= Provided records =
·····

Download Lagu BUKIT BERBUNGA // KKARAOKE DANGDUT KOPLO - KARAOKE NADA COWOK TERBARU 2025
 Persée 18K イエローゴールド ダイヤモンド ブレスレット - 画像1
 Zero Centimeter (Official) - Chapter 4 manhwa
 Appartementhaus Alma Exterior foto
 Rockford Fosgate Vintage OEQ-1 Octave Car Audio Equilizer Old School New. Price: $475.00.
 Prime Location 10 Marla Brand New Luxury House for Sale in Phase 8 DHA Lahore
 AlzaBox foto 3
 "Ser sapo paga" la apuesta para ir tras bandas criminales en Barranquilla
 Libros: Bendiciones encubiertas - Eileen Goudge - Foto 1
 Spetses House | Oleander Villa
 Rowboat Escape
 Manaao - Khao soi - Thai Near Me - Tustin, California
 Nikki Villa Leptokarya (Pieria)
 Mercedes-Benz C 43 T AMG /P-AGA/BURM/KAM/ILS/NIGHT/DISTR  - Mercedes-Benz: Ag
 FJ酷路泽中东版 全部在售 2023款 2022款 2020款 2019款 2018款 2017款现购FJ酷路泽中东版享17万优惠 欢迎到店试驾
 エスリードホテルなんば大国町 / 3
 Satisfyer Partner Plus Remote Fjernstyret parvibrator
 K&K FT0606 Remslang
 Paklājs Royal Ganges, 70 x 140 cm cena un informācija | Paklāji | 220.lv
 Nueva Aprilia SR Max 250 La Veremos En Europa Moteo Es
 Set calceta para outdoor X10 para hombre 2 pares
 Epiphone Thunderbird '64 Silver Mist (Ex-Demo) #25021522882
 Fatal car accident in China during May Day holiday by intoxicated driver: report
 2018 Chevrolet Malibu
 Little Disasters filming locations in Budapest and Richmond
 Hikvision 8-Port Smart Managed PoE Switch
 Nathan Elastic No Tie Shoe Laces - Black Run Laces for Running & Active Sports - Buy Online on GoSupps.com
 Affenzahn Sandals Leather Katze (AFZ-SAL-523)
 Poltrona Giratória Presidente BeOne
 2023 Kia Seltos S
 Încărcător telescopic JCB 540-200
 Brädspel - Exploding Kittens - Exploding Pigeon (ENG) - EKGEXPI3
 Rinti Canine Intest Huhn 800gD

·····

Please copy the line that holds "2018 Chevrolet Malibu" and each line under it through the last line above, exactly as they stand, adding nothing.

= Task solution =
 2018 Chevrolet Malibu
 Little Disasters filming locations in Budapest and Richmond
 Hikvision 8-Port Smart Managed PoE Switch
 Nathan Elastic No Tie Shoe Laces - Black Run Laces for Running & Active Sports - Buy Online on GoSupps.com
 Affenzahn Sandals Leather Katze (AFZ-SAL-523)
 Poltrona Giratória Presidente BeOne
 2023 Kia Seltos S
 Încărcător telescopic JCB 540-200
 Brädspel - Exploding Kittens - Exploding Pigeon (ENG) - EKGEXPI3
 Rinti Canine Intest Huhn 800gD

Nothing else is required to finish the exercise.